> **DATASET RECORDS**
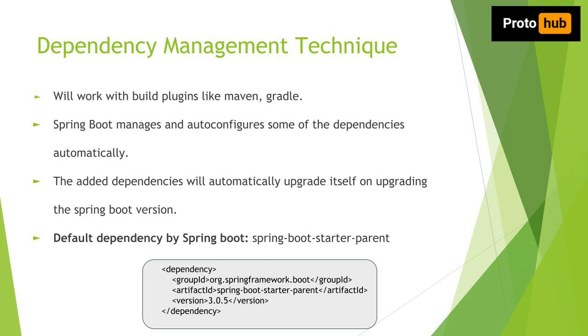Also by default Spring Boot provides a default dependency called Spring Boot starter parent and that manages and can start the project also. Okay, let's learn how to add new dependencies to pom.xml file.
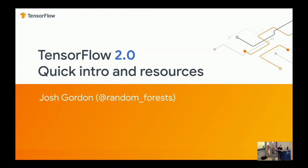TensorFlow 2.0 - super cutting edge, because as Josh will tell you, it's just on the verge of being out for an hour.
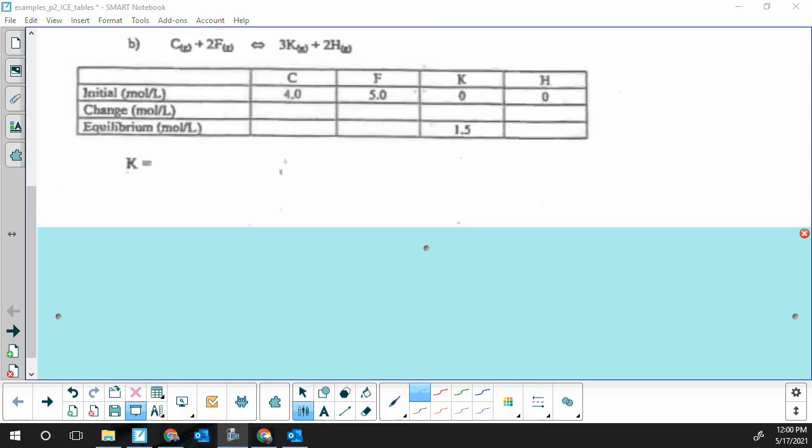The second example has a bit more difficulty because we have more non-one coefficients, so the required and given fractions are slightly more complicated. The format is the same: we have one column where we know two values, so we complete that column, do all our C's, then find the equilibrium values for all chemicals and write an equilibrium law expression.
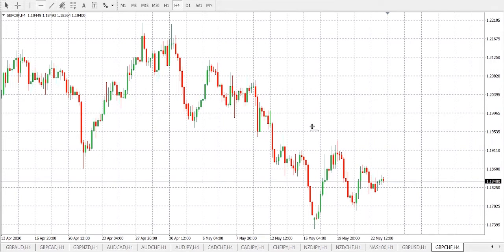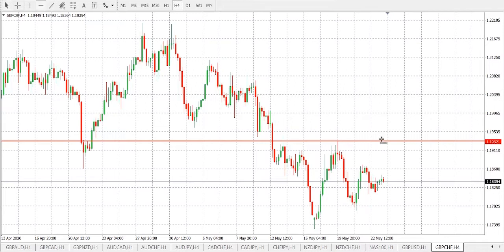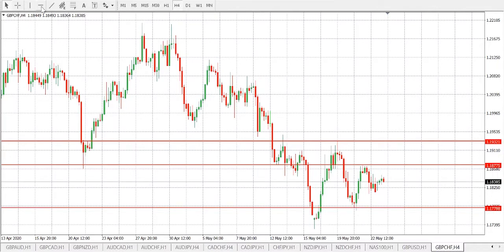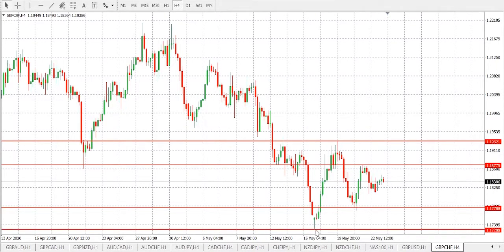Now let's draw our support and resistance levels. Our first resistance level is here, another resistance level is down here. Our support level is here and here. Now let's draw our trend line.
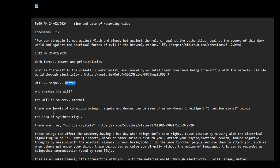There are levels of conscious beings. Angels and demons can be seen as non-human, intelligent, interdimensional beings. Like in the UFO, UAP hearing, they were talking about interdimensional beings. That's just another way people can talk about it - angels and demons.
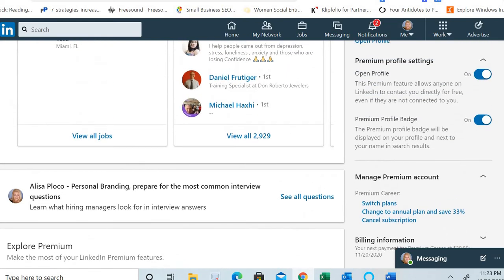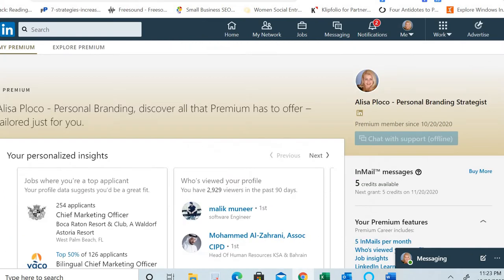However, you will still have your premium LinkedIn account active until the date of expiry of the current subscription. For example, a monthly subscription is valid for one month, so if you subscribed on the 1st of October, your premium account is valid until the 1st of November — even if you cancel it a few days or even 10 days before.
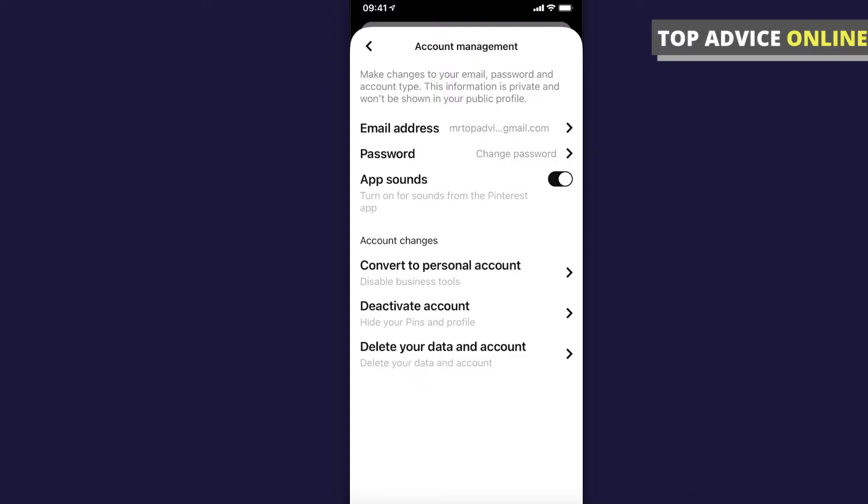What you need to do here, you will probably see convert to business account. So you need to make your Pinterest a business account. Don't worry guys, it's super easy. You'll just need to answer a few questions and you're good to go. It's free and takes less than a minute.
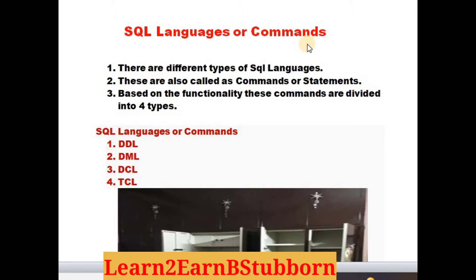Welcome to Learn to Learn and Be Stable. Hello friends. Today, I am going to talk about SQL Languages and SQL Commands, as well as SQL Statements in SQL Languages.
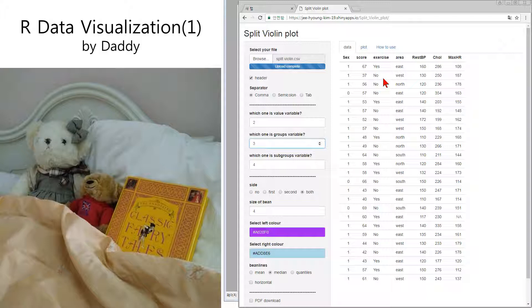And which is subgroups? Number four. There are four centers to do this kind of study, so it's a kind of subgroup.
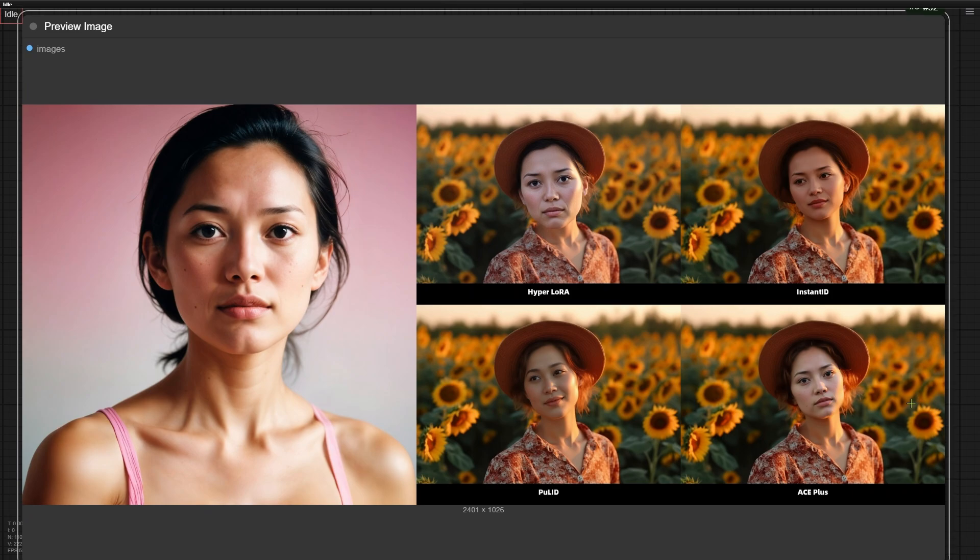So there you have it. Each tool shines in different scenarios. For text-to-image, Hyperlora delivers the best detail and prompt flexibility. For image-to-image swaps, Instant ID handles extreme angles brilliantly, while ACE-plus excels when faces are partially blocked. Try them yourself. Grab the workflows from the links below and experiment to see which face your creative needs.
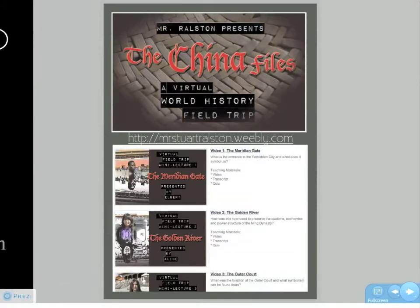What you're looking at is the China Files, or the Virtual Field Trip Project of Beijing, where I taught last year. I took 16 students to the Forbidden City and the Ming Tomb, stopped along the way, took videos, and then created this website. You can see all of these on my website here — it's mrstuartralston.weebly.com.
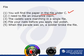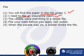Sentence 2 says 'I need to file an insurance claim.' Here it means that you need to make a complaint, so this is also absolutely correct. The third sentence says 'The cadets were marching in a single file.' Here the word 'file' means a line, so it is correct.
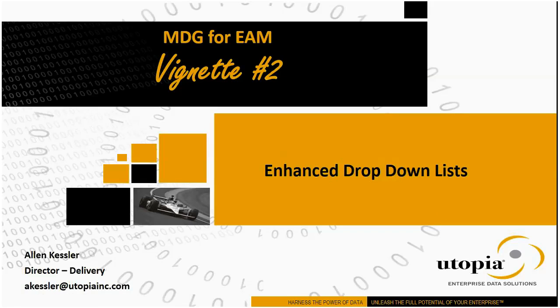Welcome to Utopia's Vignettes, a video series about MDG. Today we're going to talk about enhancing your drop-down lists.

> **WHAT TO WORK ON**
Please reproduce every record exactly, leaving the pictures out.

> **TASK ANSWER**
Also by default Spring Boot provides a default dependency called Spring Boot starter parent and that manages and can start the project also. Okay, let's learn how to add new dependencies to pom.xml file.
TensorFlow 2.0 - super cutting edge, because as Josh will tell you, it's just on the verge of being out for an hour.
The second example has a bit more difficulty because we have more non-one coefficients, so the required and given fractions are slightly more complicated. The format is the same: we have one column where we know two values, so we complete that column, do all our C's, then find the equilibrium values for all chemicals and write an equilibrium law expression.
Now let's draw our support and resistance levels. Our first resistance level is here, another resistance level is down here. Our support level is here and here. Now let's draw our trend line.
There are levels of conscious beings. Angels and demons can be seen as non-human, intelligent, interdimensional beings. Like in the UFO, UAP hearing, they were talking about interdimensional beings. That's just another way people can talk about it - angels and demons.
However, you will still have your premium LinkedIn account active until the date of expiry of the current subscription. For example, a monthly subscription is valid for one month, so if you subscribed on the 1st of October, your premium account is valid until the 1st of November — even if you cancel it a few days or even 10 days before.
What you need to do here, you will probably see convert to business account. So you need to make your Pinterest a business account. Don't worry guys, it's super easy. You'll just need to answer a few questions and you're good to go. It's free and takes less than a minute.
Welcome to Learn to Learn and Be Stable. Hello friends. Today, I am going to talk about SQL Languages and SQL Commands, as well as SQL Statements in SQL Languages.
And which is subgroups? Number four. There are four centers to do this kind of study, so it's a kind of subgroup.
So there you have it. Each tool shines in different scenarios. For text-to-image, Hyperlora delivers the best detail and prompt flexibility. For image-to-image swaps, Instant ID handles extreme angles brilliantly, while ACE-plus excels when faces are partially blocked. Try them yourself. Grab the workflows from the links below and experiment to see which face your creative needs.
What you're looking at is the China Files, or the Virtual Field Trip Project of Beijing, where I taught last year. I took 16 students to the Forbidden City and the Ming Tomb, stopped along the way, took videos, and then created this website. You can see all of these on my website here — it's mrstuartralston.weebly.com.
Sentence 2 says 'I need to file an insurance claim.' Here it means that you need to make a complaint, so this is also absolutely correct. The third sentence says 'The cadets were marching in a single file.' Here the word 'file' means a line, so it is correct.
Welcome to Utopia's Vignettes, a video series about MDG. Today we're going to talk about enhancing your drop-down lists.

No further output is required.